“It’s him…It’s Jack Bauer.”
An older, scarred, tattooed Jack is indeed back, as is a goth Chloe, with black eyeliner and fingerless gloves, dour and competent as ever, now working for an underground hackers group. And 24, after a 4 year hiatus, is back, with the same ineffective, bumbling bureaucrats; a lone smart, maverick counter-terrorism agent who goes after Jack thinking he’s a bad guy; a United States President and his lieutenant who follows orders but has his own agenda; a shadowy villain, identity unknown, who sits behind a big desk; a foreign country that gets pissed off at the U.S. because of a fatal misunderstanding; flash drives with encrypted code and dangerous objects in steel briefcases; maddening bureaucracy that makes you want to throw something at the TV; and an unspeakable potential catastrophe with global implications that only one man is perceptive, selfless, and crazy enough to stop: Jack Bauer (with help from Chloe.) And that’s just the first two episodes.

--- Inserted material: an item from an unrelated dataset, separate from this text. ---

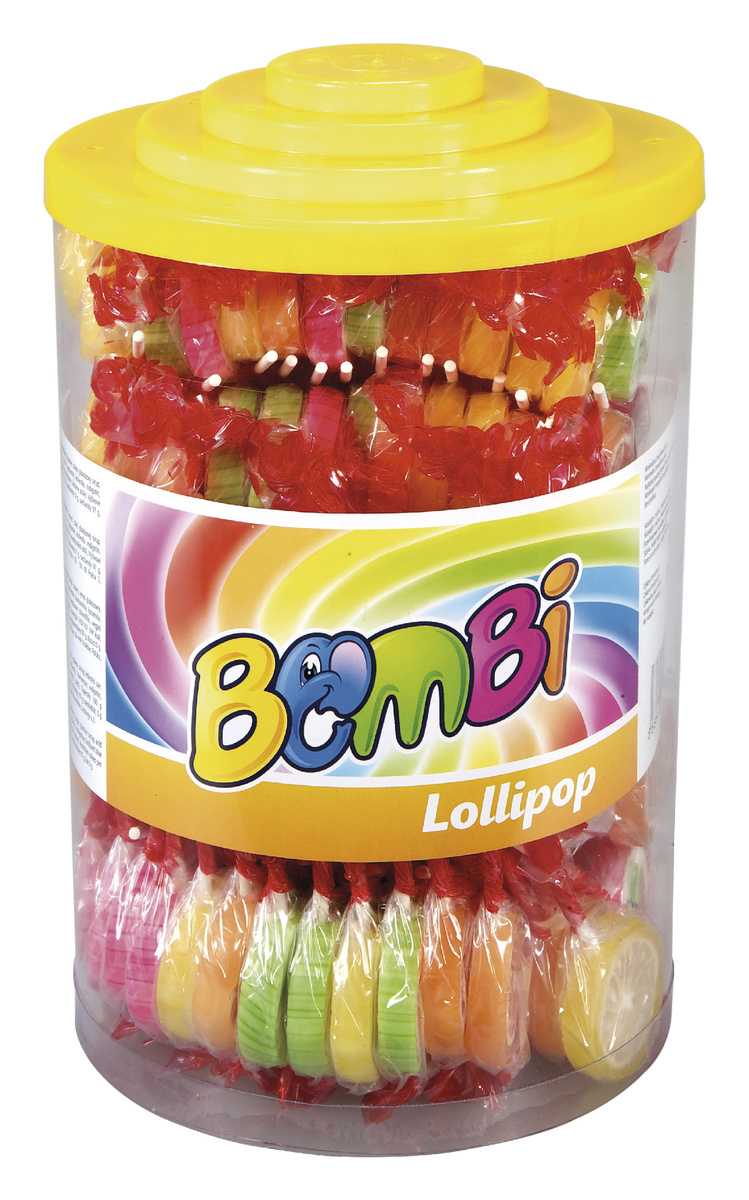 BOMBI Roksy Lízátko 150 x 8 g dóza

So far the new 24 is formulaic and predictably unpredictable. If you want something more creatively risky, go watch HBO or AMC. But if you want an hour a week of the same, fast-paced, edge-of-your-seats jaw-dropping sequence after jaw-dropping sequence with the most competent professional in fiction, 24 is that same comfort food you’ve known and enjoyed since 2001. 24 is not Game of Thrones; it’s not The Walking Dead. At the end of the second episode, when Jack utters, “Damn it, Chloe,” I grinned. Welcome back.